Records supplied START

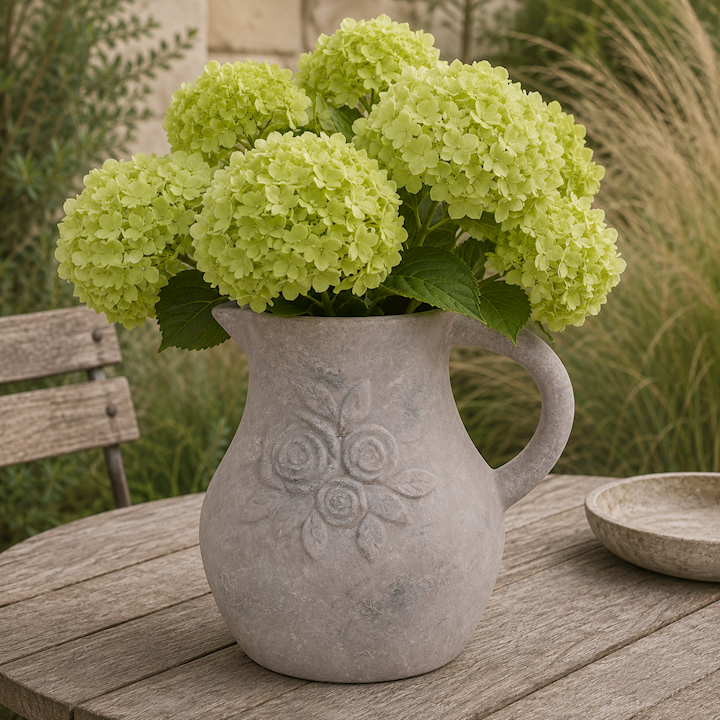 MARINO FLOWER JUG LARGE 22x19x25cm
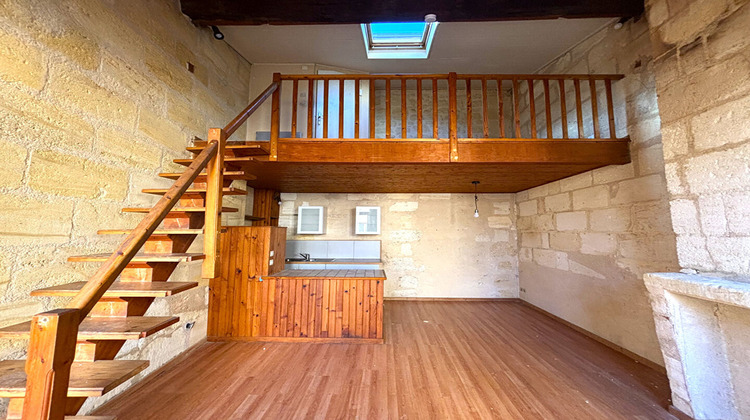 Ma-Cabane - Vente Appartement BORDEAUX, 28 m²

Records supplied END
Records supplied START

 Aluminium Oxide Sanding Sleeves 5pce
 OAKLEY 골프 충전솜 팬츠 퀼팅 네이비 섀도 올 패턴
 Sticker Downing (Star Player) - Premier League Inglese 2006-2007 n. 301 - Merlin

Records supplied END
Records supplied START

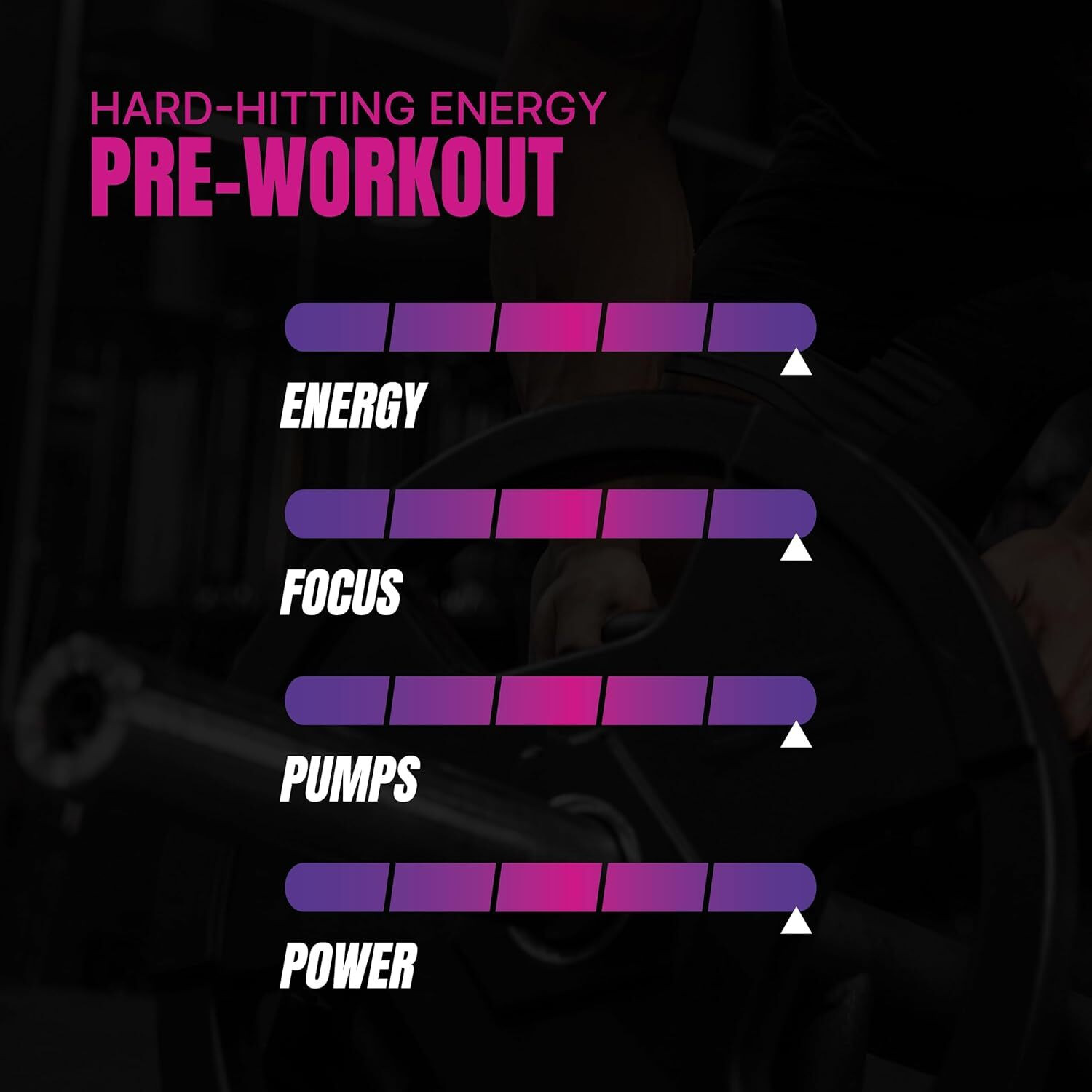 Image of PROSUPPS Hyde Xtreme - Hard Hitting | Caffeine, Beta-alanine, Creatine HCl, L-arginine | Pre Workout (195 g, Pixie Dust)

Records supplied END

What you should do: Take the material above and output only the lines from the one that contains "MARINO FLOWER JUG LARGE 22x19x25cm" through the one that contains "Ma-Cabane - Vente", ends included and images left out.

Response for this exercise:
 MARINO FLOWER JUG LARGE 22x19x25cm
 Ma-Cabane - Vente Appartement BORDEAUX, 28 m²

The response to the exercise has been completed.